OmniCompliance-100K: A Multi-Domain Rule-Grounded Real-World Safety Compliance Dataset¶
Conference: ACL 2026 arXiv: 2603.13933 Code: GitHub Area: Medical Imaging Keywords: Safety Compliance, Real-World Case Dataset, Multi-Domain Regulations, Web Search Agent, LLM Benchmarking
TL;DR¶
This paper introduces OmniCompliance-100K, the first large-scale, multi-domain, regulation-grounded safety compliance dataset built upon real-world cases. It comprises 12,985 manually curated regulatory rules and 106,009 real-world compliance cases collected via a Web search agent, spanning 9 domains including AI safety, data privacy, finance, and healthcare. Extensive benchmarking reveals systematic deficiencies in current LLMs' safety compliance capabilities.
Background & Motivation¶
Background: As LLMs are widely deployed across industries, their safety risks have become increasingly prominent—ranging from generating harmful content and leaking private information to violating financial compliance requirements. Existing LLM safety datasets (e.g., ToxicChat, WildGuard, HarmBench) are primarily built upon researcher-defined taxonomies and LLM-synthesized content.

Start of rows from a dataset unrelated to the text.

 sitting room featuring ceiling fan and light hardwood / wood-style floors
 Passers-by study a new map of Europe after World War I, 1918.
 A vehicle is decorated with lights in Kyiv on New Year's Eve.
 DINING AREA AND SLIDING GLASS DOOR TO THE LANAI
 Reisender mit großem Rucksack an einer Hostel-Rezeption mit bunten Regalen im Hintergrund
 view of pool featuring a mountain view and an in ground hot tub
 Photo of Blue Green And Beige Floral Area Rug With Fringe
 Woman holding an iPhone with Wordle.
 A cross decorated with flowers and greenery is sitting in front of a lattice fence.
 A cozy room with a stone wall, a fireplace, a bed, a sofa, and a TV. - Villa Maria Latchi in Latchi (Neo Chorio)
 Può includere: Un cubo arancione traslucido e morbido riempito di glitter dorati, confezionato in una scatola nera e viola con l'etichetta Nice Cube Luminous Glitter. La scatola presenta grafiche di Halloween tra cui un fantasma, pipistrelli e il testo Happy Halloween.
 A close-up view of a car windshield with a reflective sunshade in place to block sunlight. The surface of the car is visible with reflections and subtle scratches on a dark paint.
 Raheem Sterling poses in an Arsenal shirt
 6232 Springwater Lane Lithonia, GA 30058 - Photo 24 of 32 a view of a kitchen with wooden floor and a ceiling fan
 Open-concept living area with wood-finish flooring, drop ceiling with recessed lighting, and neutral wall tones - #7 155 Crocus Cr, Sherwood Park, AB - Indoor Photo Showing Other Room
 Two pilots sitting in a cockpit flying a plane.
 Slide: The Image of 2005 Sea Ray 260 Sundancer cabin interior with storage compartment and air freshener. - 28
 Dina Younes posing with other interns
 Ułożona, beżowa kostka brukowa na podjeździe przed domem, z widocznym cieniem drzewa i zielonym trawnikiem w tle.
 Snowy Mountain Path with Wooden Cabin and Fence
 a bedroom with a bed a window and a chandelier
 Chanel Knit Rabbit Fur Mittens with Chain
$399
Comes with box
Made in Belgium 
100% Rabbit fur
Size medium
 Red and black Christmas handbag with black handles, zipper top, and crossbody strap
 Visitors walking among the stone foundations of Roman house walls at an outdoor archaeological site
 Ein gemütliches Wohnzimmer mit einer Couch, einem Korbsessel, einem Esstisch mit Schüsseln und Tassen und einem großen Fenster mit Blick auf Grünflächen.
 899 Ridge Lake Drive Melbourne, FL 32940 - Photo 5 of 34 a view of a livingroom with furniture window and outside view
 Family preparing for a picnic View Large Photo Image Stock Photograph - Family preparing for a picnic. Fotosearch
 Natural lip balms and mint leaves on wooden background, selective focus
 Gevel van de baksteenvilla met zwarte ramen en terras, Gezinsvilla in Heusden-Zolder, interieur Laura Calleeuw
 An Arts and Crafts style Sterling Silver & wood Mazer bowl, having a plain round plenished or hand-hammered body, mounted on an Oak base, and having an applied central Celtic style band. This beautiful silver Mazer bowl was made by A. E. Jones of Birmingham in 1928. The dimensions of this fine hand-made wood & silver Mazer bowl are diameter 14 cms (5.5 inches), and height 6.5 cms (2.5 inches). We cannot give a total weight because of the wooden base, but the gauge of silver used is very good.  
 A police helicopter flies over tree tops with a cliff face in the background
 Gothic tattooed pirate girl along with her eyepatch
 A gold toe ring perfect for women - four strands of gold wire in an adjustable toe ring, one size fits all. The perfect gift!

Limitations of Prior Work: (1) Existing safety datasets lack systematic regulatory grounding and rely on ad-hoc taxonomies, failing to provide rigorous compliance guarantees. (2) Even works that incorporate regulatory/policy frameworks (e.g., Air-Bench, GuardSet-X) still rely on LLM-synthesized cases, lacking real-world diversity. (3) Real-world compliance cases are scattered across diverse websites in heterogeneous formats (PDF, HTML, JSON), making large-scale collection and alignment extremely difficult.
Key Challenge: Legal regulations provide comprehensive safety standards and are accompanied by abundant real enforcement cases, yet existing datasets have failed to leverage these resources—confining LLM safety alignment to synthetic scenarios with poor generalization to real-world applications.
Goal: (1) Construct the first large-scale, regulation-grounded safety compliance dataset built upon real-world cases. (2) Develop an automated Web search agent pipeline for large-scale collection of rule-aligned real-world cases. (3) Comprehensively benchmark current LLMs on safety compliance capabilities.
Key Insight: Modern Web search agents (based on Grok-4.1) can autonomously plan queries, retrieve results, filter noise, and summarize cases, addressing the three core challenges of real-world case collection: dispersed sources, heterogeneous formats, and information noise.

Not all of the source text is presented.